Davalılar, davacının davalı şirkete karşı açtığı 2001/891 esas sayılı dava dosyasına gerekli ilgiyi göstermeyip sürüncemede bıraktığını, sonradan açtığı 2001/1167 esas sayılı dava dosyasının da zamansız açılması nedeniyle reddedildiğini, davacının azledilmesinin özensizlik, ihmal ve kendi kusuru gibi haklı nedenlere dayandığını savunarak davanın reddini dilemişlerdir.
Mahkemece, davacının davalı şirket vekil olarak açtığı her iki dava dosyasında da özensizliğinin bulunmadığı ve azlin haksız olduğu gerekçe gösterilmek suretiyle 210.000.000.000 TL vekalet ücretinin davalılardan S.. G..... Reklam A.Ş.den tahsiline, manevi tazminat talebinin feragat nedeniyle, diğer davalılar hakkındaki davanın da husumet nedeniyle reddine karar verilmiş; hüküm, davacı ve davalılardan S.. G..... ve Reklam hizmetleri A.Ş. Tarafından temyiz edilmiştir.
1-Dosyadaki yazılara, kararın dayandığı delillerle yasaya uygun gerektirici nedenlere ve özellikle delillerin takdirinde bir isabetsizlik bulunmamasına göre davacının tüm temyiz itirazlarının reddi gerekir.
2-Gerek Avukatlık Kanunu hükümleri ve gerekse Borçlar Kanununun 390 ve devamı maddeleri hükümlerine göre, avukat vekalet görevini sadakat ve özen ile ifa etmek zorundadır.

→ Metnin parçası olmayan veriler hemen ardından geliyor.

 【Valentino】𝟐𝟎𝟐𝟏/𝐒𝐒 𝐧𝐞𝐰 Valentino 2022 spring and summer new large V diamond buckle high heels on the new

Nitekim BK. 390/1 maddesinde vekilin sorumluluğu işçinin sorumluluğu ile eşdeğer tutulmuştur. BK. 321 maddesince de nasıl işçi taahhüt ettiği işi ihtimam ile ifaya mecbur ve kasıt ihmal ve dikkatsizliğinden işverene karşı sorumlu ise vekilde aynı yükümlülük ve sorumluluk altındadır.

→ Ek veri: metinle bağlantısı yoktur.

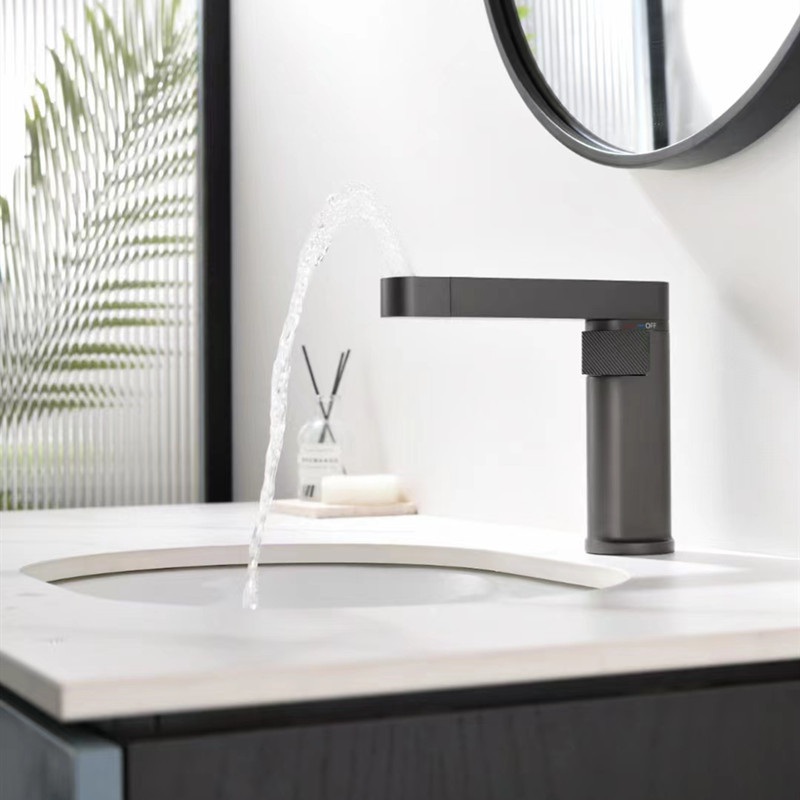 German White Digital Display Rotating Faucet Bathroom Washbasin Basin Hot and Cold Water Spray Pull Faucet Water Tap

Sadakatle ifa ise müvekkilin yararına ve onun arzularına uygun olarak hareket etme başka bir anlatımla işini gördüğü kimsenin menfaat ve iradesine uygun davranma borcunu kapsar.

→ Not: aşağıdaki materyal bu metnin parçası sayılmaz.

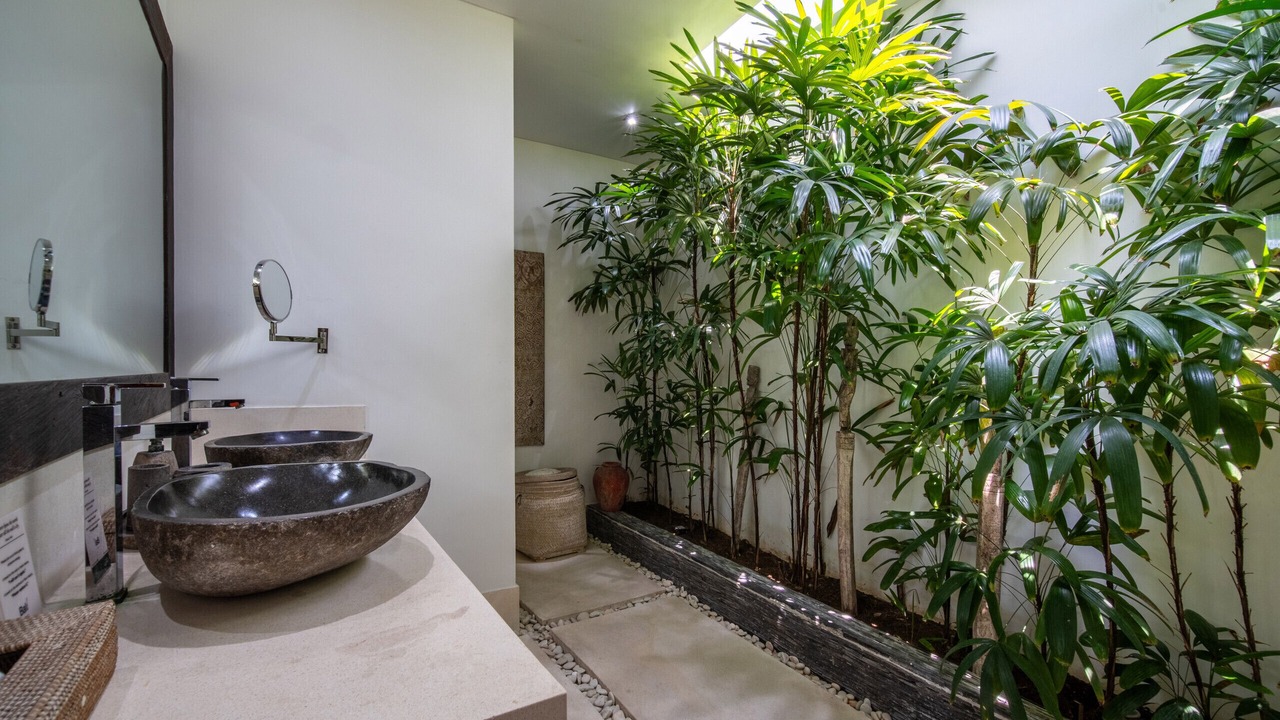 Photo of Bathroom in Sunset Road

Avukatlık Kanununun 174. maddesi hükmüne göre avukat haklı bir nedenle azledildiği takdirde ücrete hak kazanamaz. Her ne kadar davacı avukatın davalı vekili olarak İstanbul Fikri ve Sinai Haklar Hukuk Mahkemesinde 15.6.2001 tarihinde 2001/891 esas sayılı dava dosyası ile açtığı davada özen ve sadakat borcuna aykırı davrandığı kendisinden kaynaklanan nedenlerle davanın sürüncemede bırakıldığı söylenemez ise de aynı mahkemede yine davacı tarafından davalı vekili olarak 4.9.2001 gününde 2001/1167 esas sayılı dava dosyası ile açılan dava mahkemece zamanından önce açılmış olması nedeniyle 9.7.2002 gününde reddedilmiş bunun üzerine de davalı yanca davacı avukat 10.10.2002 gününde azledilmiştir. Nitekim anılan dava dosyası Yargıtay incelemesinden geçmek suretiyle 3.6.2003 gününde kesinleşmiştir.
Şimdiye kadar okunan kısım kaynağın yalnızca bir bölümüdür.